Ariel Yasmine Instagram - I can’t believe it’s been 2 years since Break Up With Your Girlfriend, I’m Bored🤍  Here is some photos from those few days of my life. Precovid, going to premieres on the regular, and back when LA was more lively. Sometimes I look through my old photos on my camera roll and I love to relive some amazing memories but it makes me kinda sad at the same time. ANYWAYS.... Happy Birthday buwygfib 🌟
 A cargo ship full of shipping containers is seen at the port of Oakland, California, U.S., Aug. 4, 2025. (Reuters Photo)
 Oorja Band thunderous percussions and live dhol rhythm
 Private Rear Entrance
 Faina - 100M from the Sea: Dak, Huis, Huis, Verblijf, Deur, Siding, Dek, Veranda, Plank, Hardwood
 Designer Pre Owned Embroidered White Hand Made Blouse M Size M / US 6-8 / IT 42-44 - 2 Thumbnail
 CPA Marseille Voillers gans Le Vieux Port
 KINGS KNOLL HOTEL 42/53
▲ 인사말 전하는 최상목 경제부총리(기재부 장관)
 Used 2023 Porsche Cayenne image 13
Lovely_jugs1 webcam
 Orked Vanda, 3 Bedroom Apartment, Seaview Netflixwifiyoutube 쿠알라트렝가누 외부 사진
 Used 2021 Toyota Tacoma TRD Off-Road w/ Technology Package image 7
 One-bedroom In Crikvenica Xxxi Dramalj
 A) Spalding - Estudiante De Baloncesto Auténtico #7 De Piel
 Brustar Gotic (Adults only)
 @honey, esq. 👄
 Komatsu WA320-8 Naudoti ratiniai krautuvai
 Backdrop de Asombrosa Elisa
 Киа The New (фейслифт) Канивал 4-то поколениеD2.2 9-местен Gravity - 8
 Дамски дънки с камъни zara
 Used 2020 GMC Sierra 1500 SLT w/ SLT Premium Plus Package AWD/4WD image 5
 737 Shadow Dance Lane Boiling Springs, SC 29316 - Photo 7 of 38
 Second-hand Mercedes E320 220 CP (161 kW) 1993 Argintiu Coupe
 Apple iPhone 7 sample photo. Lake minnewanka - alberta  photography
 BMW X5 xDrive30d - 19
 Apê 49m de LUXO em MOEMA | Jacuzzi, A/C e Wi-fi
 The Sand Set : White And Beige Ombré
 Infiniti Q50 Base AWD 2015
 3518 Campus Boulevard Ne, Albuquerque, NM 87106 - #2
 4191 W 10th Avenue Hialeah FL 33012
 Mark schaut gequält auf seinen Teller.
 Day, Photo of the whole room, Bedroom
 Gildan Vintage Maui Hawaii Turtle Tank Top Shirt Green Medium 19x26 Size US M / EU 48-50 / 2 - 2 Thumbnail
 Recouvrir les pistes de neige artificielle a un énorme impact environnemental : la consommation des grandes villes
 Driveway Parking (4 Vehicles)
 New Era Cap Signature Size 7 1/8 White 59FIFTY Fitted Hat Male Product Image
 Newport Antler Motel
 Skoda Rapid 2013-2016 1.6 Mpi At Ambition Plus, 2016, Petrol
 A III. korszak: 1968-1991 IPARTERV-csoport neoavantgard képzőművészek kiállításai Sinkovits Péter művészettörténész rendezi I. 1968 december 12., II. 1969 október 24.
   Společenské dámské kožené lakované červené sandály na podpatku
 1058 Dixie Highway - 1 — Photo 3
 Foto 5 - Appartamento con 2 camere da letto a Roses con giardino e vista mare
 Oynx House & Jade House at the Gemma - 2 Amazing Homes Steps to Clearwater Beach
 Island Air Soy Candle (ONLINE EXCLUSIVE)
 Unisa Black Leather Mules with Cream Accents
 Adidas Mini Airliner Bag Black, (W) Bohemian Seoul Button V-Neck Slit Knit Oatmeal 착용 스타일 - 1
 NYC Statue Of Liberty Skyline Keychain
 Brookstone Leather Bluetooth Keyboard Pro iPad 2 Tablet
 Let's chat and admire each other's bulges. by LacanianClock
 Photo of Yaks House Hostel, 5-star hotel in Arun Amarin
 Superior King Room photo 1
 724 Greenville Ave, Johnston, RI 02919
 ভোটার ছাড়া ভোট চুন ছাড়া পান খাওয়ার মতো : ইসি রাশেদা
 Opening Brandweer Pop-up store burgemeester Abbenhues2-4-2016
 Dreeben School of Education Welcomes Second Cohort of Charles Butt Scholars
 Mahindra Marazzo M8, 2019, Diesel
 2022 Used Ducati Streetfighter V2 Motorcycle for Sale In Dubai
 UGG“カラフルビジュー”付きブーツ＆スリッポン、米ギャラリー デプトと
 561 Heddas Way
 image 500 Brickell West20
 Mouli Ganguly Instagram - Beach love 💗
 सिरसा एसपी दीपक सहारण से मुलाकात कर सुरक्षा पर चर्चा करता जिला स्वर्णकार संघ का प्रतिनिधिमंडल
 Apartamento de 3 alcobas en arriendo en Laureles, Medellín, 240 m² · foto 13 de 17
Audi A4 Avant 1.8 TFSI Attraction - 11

====

- TASK BRIEF -
Look through the entries above and work out how many lines contain the string "White". Give that number alone.

- EXPECTED ANSWER -
3